Today I went to see a professional and good friend, and we chatted casually while she performed her artistic trade on me. Because we know each other well, I asked about her family, her husband, daughter of 13 and son of 10. Suffice it to say she is a skilled, highly educated professional who is dedicated to her family life, has the support of her grandparents who raised her, and does everything in her power to manage her home and professional interests to a high level of perfection.
To my generic question “How’s the family?”, my friend replied with the standard “Oh, they’re doing well. The kids are getting on fine in school, do their homework and their lessons. My son is good at math and he likes his martial arts”. Later she continued “There are some challenges…….but its only normal.” “Like what?” I asked. “Well, my son really needs me all the time, and I have a soft spot for him, you know.” She smiled as if to say yes, I’m guilty of favoring him, since we had discussed favoritism before. I tried to figure out whether she or her husband is the Prime parent, but she was careful not to give me any clues. She emphasized that she and her husband are equal partners in raising the children, that each plays a vital role and that there is no difference in the duties they carry out in their routine. She declared unequivocally: “My husband and I both do everything when it comes to the house or the children”.

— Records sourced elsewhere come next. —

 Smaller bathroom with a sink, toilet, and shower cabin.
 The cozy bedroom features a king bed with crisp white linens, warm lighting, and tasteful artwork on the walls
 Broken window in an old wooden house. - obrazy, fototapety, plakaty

Soon, to try to appease her guilty conscience she added “But my daughter is really close to her father. That’s the way it works in our family: my daughter has her father and my son has me (smile)”. Then to ward off more guilt she added “They try to play us off against each other. If they want something and one of us says no, they go to the other one. But we’re on top of that! We consult each other and keep things consistent between us” (referring to standard CBT tactics of teamwork and consistency among parents).
All the while, knowing that parents inevitably divide into Prime and Additional Love Giving roles, and that favoritism is always a key issue in any “normal” family, I’m thinking la-de-da-de-da-de-da……, but I said “Okay” and left it at that.

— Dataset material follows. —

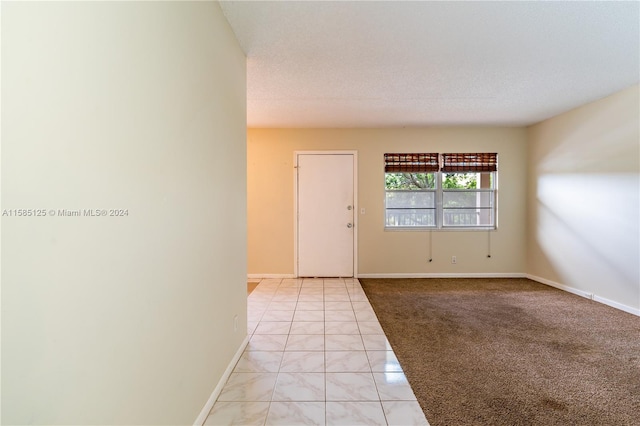 unfurnished room with light tile flooring and a textured ceiling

So she continued her treatment on me. A few minutes later she piped up again to say “Yesterday my daughter was upset with me so she started hitting me. She’s bigger than me now.” She shrugged and added sheepishly “I didn’t know what to do, so I hit her back”. Now, I know my friend is far from a child abuser, but since I wasn’t in a position to respond right away I just said nothing and we went on to other small talk while she finished working on me.

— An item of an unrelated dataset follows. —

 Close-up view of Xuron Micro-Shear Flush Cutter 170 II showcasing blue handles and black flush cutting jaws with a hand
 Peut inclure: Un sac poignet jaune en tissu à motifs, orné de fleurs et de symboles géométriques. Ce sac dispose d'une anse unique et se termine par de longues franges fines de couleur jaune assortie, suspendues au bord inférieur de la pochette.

As I was preparing to leave I looked at her and said “You know, your daughter is angry with you because you’re too close with your son.” She smiled, a little surprised. But pursing her lips she conceded: “You got it right. I guess that’s why you’re the expert”. “I just listen carefully” I replied smiling. “You said she was hitting you, and you told me you’re too close to him. That’s all I need to know”. Then realizing she was probably now open to listening to more, I continued “Sometimes you really have to grit your teeth and pretend you love them, even in moments when you know you don’t. And that’s tough!”
I didn’t bother to tell her that incidentally she had informed me she is the Prime Love Giver, since I don’t like to delve too far into people’s lives. I know this because of the LOVE she expressed for her son and her daughter’s reaction of anger with her, even though the daughter apparently turns to her father for affection. It indicates her son is Favored, while her daughter is jealous of him and angry with her mother for favoring him. We might touch on that another time, but not necessarily.